So SWTOR’s first month is out the door and, predictably, the doom and gloom merchants have come out of the woodwork as server populations have dropped across the board. They have a point, of course: in the last few years, many games have launched with a bang only to fizzle go free to play after a few months, and while a drop in numbers is to be expected after the free month runs out, there’s a difference between an expected drop and full-on freefall.

I have my own theories about this, and one of them has to do with general game pacing and what I like to call content locusts. One of the major differences between games in the early MMO generation (EQ, UO, AC, etc.) and those we have today boils down to something fairly simple but with far-reaching effects: leveling speed.

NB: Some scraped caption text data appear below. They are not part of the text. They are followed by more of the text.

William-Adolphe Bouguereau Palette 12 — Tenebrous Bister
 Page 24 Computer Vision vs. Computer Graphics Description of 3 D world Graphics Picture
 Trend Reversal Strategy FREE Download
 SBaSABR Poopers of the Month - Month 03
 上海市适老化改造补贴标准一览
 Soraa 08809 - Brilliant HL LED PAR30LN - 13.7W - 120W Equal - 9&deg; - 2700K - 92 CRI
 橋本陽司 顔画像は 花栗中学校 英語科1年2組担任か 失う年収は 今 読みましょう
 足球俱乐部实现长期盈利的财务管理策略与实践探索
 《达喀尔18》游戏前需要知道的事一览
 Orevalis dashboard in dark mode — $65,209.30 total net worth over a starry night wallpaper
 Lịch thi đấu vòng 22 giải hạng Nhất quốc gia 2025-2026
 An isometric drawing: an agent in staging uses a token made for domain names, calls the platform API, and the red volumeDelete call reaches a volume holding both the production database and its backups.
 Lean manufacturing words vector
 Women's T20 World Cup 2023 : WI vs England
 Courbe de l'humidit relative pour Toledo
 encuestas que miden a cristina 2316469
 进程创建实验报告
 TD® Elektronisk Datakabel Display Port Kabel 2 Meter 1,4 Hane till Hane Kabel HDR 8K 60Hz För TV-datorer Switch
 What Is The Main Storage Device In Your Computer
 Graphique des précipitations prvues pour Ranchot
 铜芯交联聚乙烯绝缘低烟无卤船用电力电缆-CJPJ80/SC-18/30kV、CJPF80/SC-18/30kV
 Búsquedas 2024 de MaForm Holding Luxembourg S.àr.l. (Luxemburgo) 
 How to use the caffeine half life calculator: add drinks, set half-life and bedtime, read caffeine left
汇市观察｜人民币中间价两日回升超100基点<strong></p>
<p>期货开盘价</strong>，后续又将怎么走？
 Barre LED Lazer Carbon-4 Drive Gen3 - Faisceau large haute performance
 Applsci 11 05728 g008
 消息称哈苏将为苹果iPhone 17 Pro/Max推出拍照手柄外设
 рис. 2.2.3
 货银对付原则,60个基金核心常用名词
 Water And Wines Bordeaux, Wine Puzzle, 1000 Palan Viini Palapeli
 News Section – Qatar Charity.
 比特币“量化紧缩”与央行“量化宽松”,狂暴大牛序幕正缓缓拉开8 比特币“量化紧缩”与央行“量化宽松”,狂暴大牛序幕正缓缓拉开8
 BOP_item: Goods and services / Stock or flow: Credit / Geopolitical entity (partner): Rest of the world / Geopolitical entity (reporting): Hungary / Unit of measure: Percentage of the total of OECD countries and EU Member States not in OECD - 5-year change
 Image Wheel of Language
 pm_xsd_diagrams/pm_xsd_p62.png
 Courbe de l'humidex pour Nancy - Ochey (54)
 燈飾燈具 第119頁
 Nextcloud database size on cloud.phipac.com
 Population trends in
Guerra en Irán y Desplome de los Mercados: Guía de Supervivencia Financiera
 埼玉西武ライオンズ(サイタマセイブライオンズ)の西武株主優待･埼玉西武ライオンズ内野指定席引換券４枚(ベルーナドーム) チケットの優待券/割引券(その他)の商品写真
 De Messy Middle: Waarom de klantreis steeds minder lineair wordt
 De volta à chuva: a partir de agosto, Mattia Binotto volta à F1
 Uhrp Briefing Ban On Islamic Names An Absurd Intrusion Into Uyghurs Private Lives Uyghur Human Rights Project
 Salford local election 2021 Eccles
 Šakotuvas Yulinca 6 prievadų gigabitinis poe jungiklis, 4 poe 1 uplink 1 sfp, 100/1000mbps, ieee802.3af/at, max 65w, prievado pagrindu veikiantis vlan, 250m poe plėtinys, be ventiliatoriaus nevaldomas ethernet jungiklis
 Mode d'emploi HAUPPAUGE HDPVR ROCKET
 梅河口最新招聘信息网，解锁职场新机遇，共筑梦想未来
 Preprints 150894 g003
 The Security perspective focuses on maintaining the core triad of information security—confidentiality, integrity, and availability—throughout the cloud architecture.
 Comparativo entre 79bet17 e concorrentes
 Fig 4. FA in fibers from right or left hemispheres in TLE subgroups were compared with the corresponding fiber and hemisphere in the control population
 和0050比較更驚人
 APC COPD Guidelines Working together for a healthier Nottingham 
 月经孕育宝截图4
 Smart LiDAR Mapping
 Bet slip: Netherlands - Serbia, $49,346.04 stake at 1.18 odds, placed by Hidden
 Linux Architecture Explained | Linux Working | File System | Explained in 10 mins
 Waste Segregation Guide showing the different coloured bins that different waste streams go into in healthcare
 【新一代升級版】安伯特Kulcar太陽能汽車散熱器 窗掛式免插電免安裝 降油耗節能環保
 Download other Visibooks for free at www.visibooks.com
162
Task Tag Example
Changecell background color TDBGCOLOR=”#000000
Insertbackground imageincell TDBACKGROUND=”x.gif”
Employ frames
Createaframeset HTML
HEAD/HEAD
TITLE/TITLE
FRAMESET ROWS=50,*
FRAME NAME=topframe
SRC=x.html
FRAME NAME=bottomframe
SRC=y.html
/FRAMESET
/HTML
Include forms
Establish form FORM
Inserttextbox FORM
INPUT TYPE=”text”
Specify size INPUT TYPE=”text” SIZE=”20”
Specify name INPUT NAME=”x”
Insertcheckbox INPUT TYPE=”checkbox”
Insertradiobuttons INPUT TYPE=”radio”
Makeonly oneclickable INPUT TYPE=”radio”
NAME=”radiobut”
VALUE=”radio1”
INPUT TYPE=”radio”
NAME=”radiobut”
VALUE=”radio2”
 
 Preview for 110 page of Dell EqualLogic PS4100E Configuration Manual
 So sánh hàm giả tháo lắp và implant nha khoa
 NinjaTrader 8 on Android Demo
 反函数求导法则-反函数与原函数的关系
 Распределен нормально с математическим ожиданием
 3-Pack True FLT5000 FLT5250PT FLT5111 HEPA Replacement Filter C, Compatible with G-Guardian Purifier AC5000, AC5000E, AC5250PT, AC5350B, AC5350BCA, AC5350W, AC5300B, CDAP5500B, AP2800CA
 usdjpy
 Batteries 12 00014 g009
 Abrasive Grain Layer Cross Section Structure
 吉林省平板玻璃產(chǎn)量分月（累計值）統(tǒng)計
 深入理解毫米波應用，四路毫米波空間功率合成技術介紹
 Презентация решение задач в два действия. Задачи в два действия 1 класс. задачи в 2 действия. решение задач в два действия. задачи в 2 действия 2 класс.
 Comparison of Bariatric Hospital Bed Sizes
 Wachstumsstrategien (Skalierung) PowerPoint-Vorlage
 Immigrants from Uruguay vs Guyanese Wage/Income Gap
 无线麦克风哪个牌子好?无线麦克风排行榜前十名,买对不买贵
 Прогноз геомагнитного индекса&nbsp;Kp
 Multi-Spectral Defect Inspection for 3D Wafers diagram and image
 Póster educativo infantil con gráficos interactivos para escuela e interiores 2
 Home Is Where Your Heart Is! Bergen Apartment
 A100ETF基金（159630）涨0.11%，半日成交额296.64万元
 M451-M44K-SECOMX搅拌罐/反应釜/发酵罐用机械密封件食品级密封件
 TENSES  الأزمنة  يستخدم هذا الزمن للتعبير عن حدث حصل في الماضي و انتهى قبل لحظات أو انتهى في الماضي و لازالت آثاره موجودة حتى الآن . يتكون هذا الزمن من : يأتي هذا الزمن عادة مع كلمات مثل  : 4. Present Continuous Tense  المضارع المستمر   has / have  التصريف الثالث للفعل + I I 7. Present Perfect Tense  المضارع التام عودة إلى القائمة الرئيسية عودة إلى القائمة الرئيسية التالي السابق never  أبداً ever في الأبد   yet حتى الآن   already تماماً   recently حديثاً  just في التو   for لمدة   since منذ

Way back when – you know, in the last millennium – reaching max level was the end of a long, arduous and sometimes grueling journey (though personally I rarely found it excessive), and it certainly wasn’t the thing most players thought about when their character first logged into the world. Sure, even then max level was the ultimate goal – but it was a dim, distant and hazy goal, not something you spoke of as though you’d be there tomorrow, as though everything in between being born and hitting the cap was utterly irrelevant. Because there wasn’t all that much to do when you got there; but that was okay, since getting there (at least by non-exploity means) was going to take a while.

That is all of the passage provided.